- [Given data]
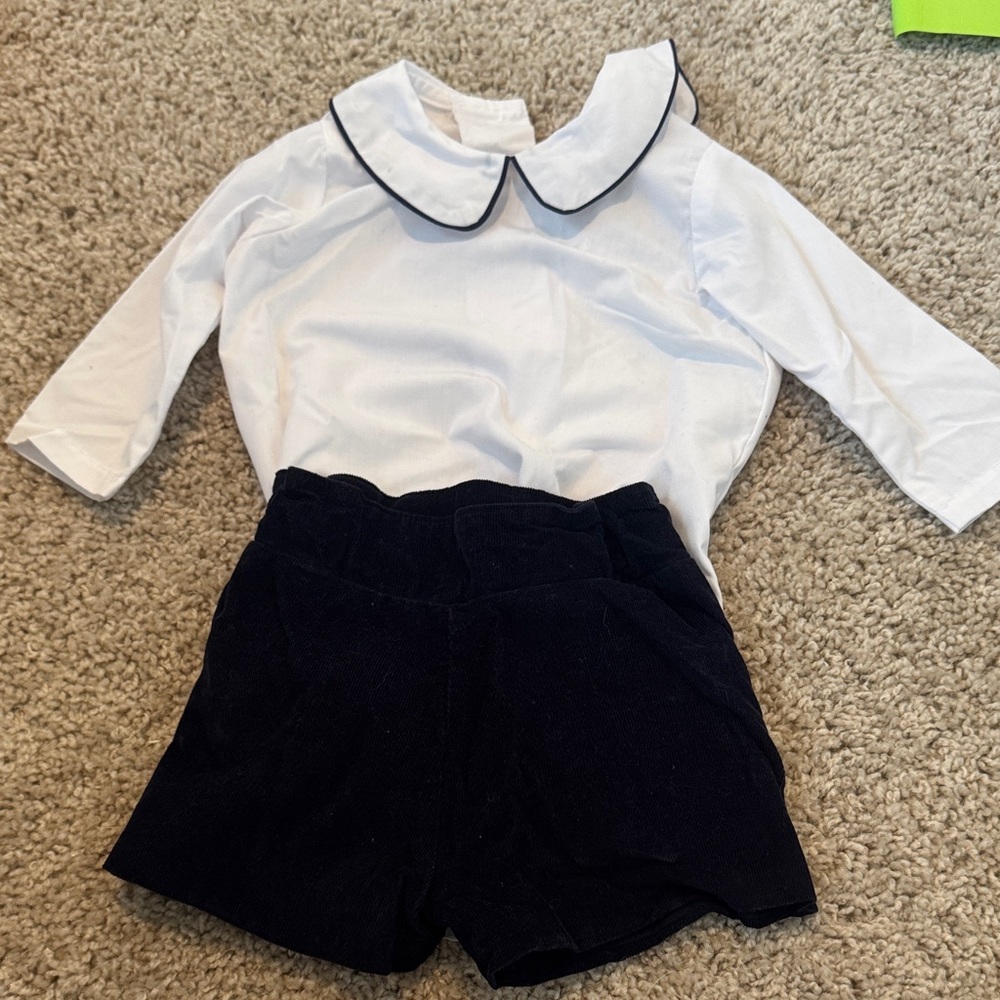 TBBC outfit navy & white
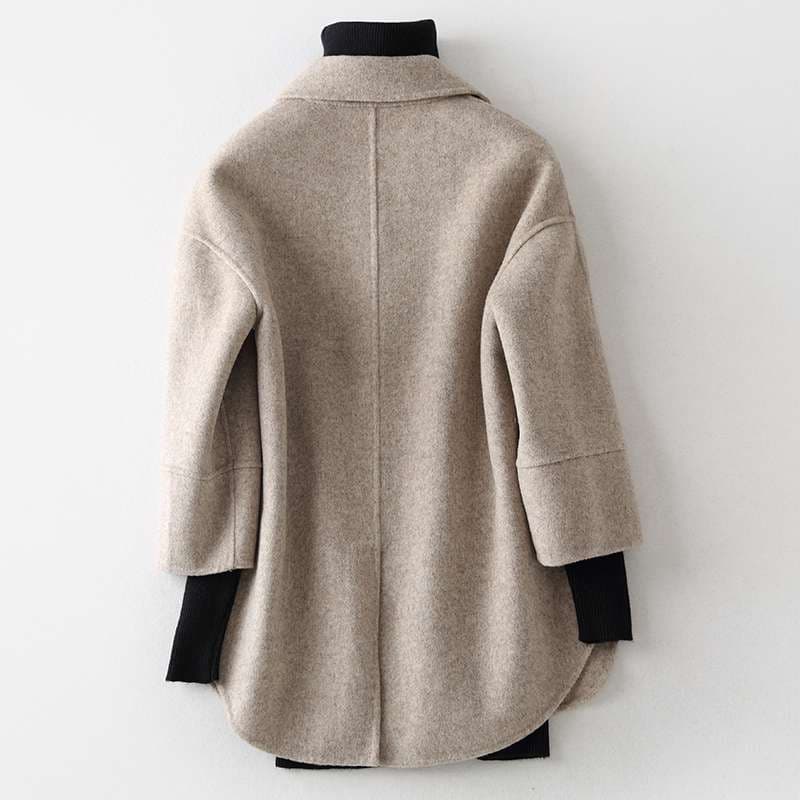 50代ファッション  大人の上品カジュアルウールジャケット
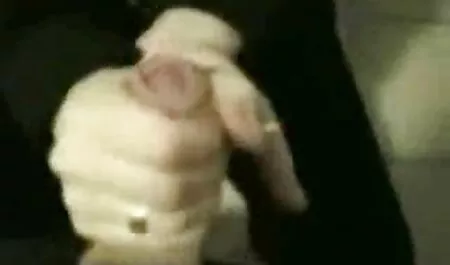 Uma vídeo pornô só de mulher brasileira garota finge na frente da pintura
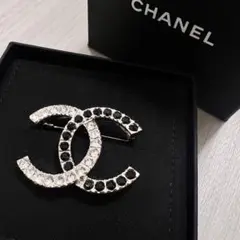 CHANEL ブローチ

...

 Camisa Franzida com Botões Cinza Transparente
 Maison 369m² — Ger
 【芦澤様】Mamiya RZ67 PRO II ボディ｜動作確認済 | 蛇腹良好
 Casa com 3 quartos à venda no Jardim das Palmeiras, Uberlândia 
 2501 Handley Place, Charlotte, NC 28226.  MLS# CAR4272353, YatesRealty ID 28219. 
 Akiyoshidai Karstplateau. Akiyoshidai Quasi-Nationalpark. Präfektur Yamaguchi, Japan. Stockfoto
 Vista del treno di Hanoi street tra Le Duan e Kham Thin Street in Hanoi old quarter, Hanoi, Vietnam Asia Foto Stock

--

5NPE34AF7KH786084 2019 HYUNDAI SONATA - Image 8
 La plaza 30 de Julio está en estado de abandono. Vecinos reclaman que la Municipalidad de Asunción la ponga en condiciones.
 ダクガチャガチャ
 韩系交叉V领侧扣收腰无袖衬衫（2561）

- [About this exercise] Look above for the line containing "Uma vídeo pornô", then copy exactly from it through the line containing "CHANEL ブローチ", keeping both and leaving out pictures. Add nothing else.

- [Final answer]
 Uma vídeo pornô só de mulher brasileira garota finge na frente da pintura
 CHANEL ブローチ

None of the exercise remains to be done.